This coming Friday will mark the anniversary of my father’s suicide, gone now for seventeen years.  The calendar this year is the same as it was that year, with Easter coming the week before he died. I am so grateful for the space of time between his death and now. The first year after he died, I was caught—every day— in the rawness of grief, and in the post-traumatic-stress of losing him to suicide.  The second and third years the grief washed in and out like the tide. I suffered with periodic depressions all through the year. Now it’s mostly around Easter and his death date.

Things still remind me of his suicide.  I’ve worked at desensitizing my tender feelings as much as possible, but every year around this time, I feel irritable and emotional. Movies, books, family, friends, and Easter are big reminders. Some little thing like my husband not listening to me will tie me in knots for days.

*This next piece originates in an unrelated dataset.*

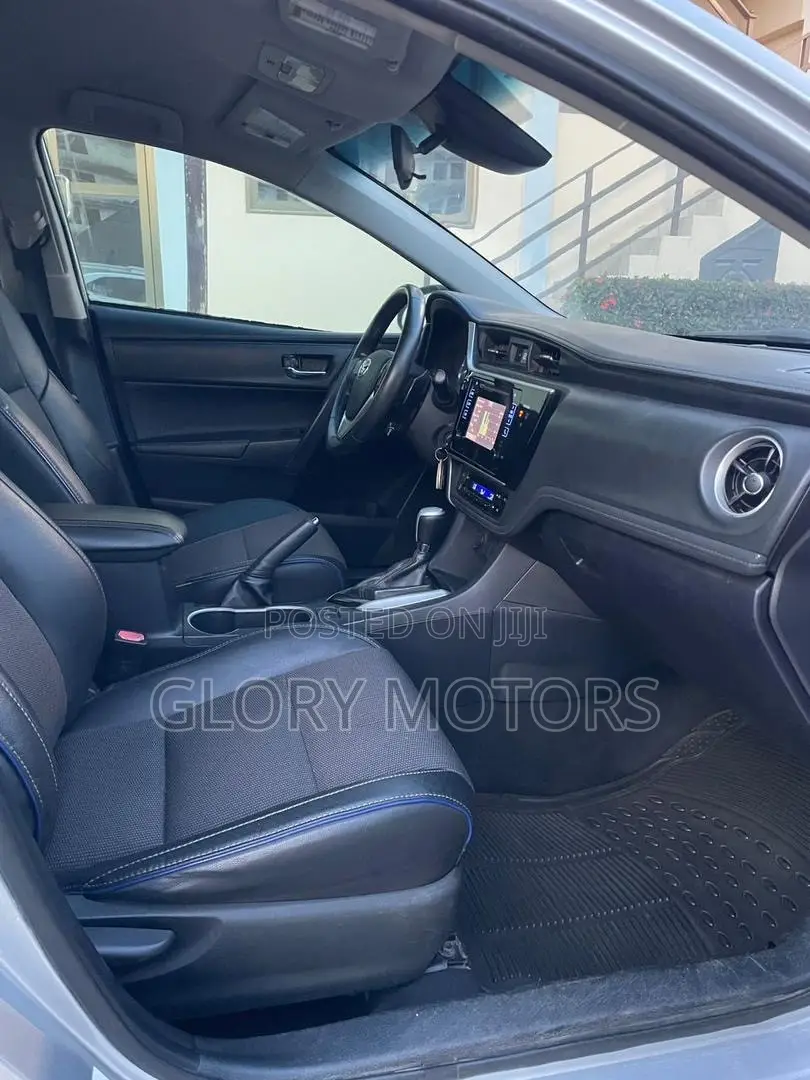 Toyota Corolla SE 4dr Sedan (1.8L 4cyl CVT) 2017 Silver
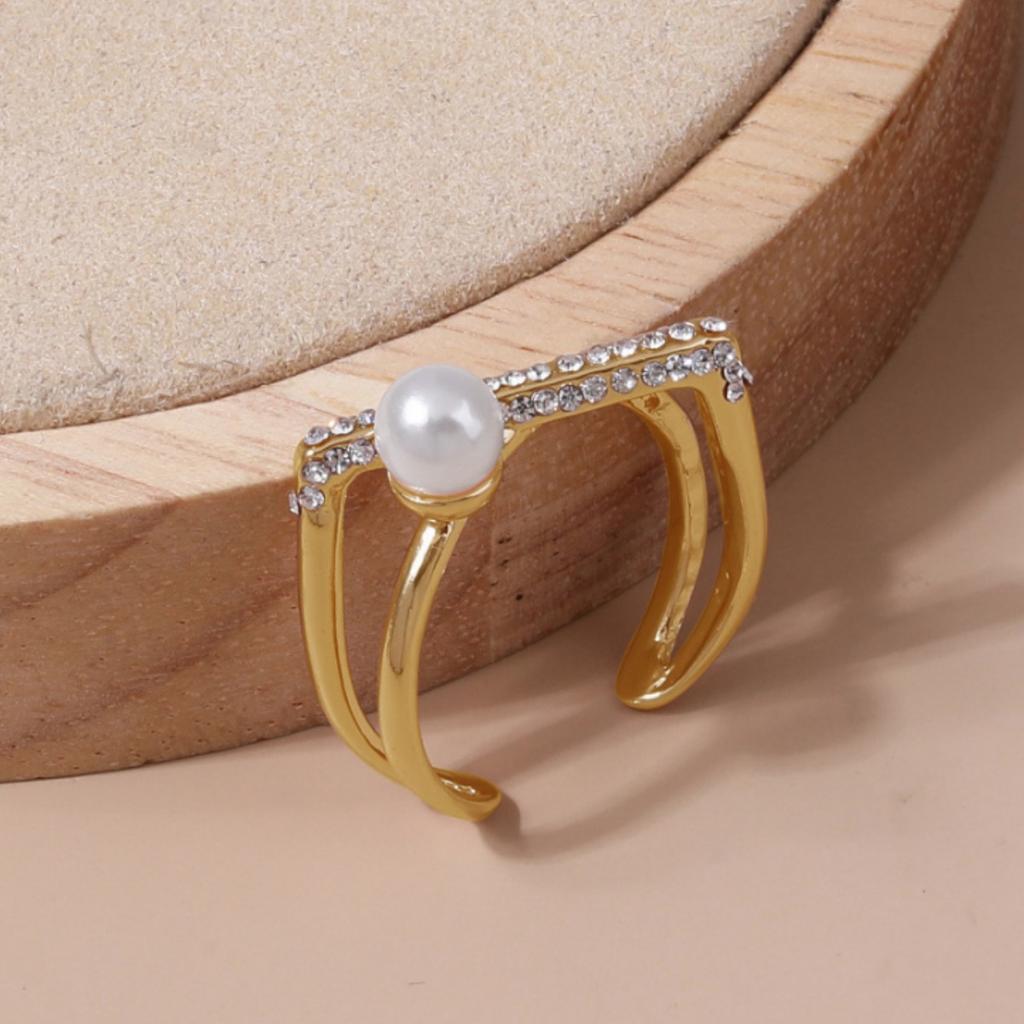 Simple and fashionable commuter style ring women's pearl inlaid zircon ring open ring fashion temperament niche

A minister where I used to go to church did that suicide-mimicking thing from the pulpit.  I finally drummed up enough courage to let him know the way he joked up there during his sermons bothered me.  He reacted insensitively, and said I needed to get over my dad’s suicide. I stared at him, pushing back the desire to jump up and leave. I stared at him, thinking of every cuss word in my large profane vocabulary. I think I stared at him for a long, long time. It might have only been a minute.  But my knees were weak and my mouth was speechless.  Finally, we started talking, beyond my anger at his quick remark and his callousness, beyond his reaction that I was criticizing his sermons. He apologized. He said, still, he was trying to tell me I needed to live in joy and not let things hurt so.

I wish I could say that his insensitivity is the reason I left his church. It’s so much easier to blame someone than to look deep within, and I did kinda do that for a while. But things always go deeper. Every year, I want to not do this holiday. I want to push past Easter. I want to push past the anniversary of Daddy’s suicide.  I hear how people say they are so grateful for Jesus dying on the cross for their salvation.  His dying breaks my heart, and guilt pours out of me nearly as much as the year Daddy died. I can’t say I am grateful for anyone dying for me. Mostly, my feelings just hurt.

I feel defensive that I don’t want to celebrate Easter. It seems to announce, in my mind anyway, I’m not a Christian and that I don’t love Jesus.  My epiphany today: If I didn’t love Jesus (or my dad), I wouldn’t have this grief swirling around in my brain.

     God listens, loves, and heals a grieving heart.